Gettin' the Flowrider hang of things.
With 21 years of wave riding under my belt I would be lying if I said I wasn’t nervous at the idea of totally kooking out on this thing. The potential for that was very real–I’ve heard pro surfers talk about how hard it was to grasp riding one of these things. And I also recalled the Flowrider scene in Endless Summer II, where many body-slamming wipe outs were taken by well-known surfers.
In any case I was feeling intrepid, and also was relieved to find just one other surfer enjoying a stationary surfing session. And he was just 9 or 10 years old. The worker dude was the only other one inside the wave room, and he seemed to roll his eyes when I informed him of my “real” surfing experience while also pleading for his help in getting up and riding.
I started out by edging the board off of the lip of the front of the wave while holding on to the rookie rope, which was held by the worker dude. He slowly let out some slack until… Floosh, I was unceremoniously whipped upside down and whisked up and over the wave by the jet of water. And again, and again. This was turning out exactly how I hoped it wouldn’t. But I didn’t give up, even taking pointers from the young kid who was riding the thing fairly well. When I found out he was from Canada and had never surfed, my pride kicked in–after all it was I who should be schooling this youngun in the way of the wave.
The aha moment came a few attempts later. Lean way back on the back foot, worker dude said, almost like when stalling a “real” surfboard on an ocean wave. Riding a board about the size of a large skateboard, flotation wasn’t a factor in keeping upright and riding–it was all about keeping that small board from being sucked under the water flow. And I was up and riding, for about 1.3 seconds.

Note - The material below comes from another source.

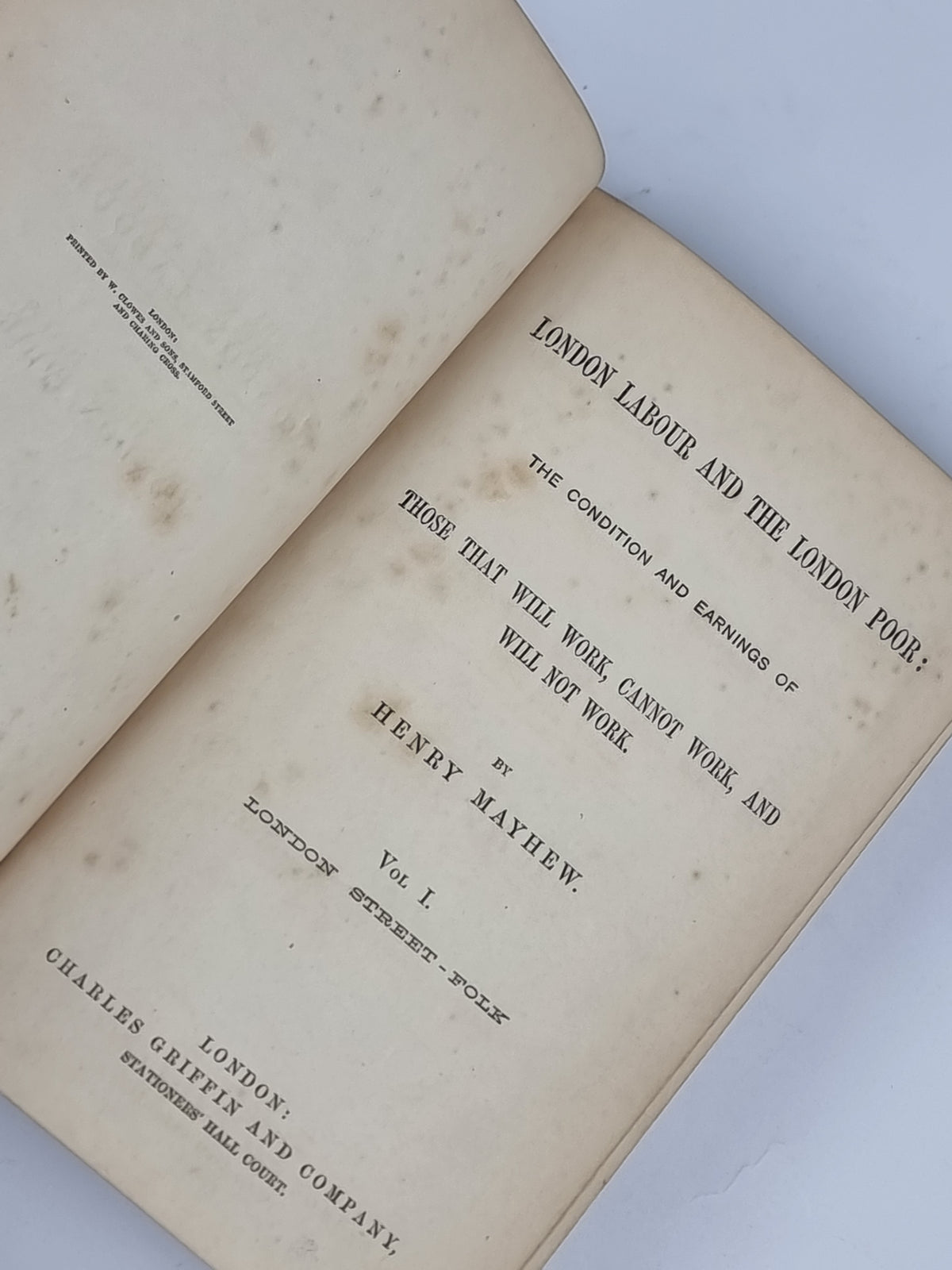 London Labour and the London Poor. Vol I. London Street-Folk, Henry Mayhew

I kept at it and before long I had mastered standing there like a statue, gliding to the top of the wave and back down. Trying to engage the rail for a turn only had me being hucked off the machine in all sorts of contorted positions, as my whip-lashed neck would attest the next day. Yet like the mole in a whack-a-mole game I kept popping back up for more, determined to get some turns going and display at least a modicum of style. Who ever knew sex with a blow up doll could be so painful?
Gettin some style points.
The session lasted 30 minutes, and by about the twenty minute mark I was starting to grow out of the training wheels, getting little turns going and enjoying the ride rather than feeling like I was in survival mode. And by the end of the session I was getting the feeling down, engaging the rail and carving turns across the sheet of water. Fun… Artificial, but fun.
Yeah, so what if this is the silicone toy equivalent in the surf world? Fun is where you find it, and when the Gulf of Mexico is guaranteed to be flat flat flat, a little chlorinated, manufactured fun is called for.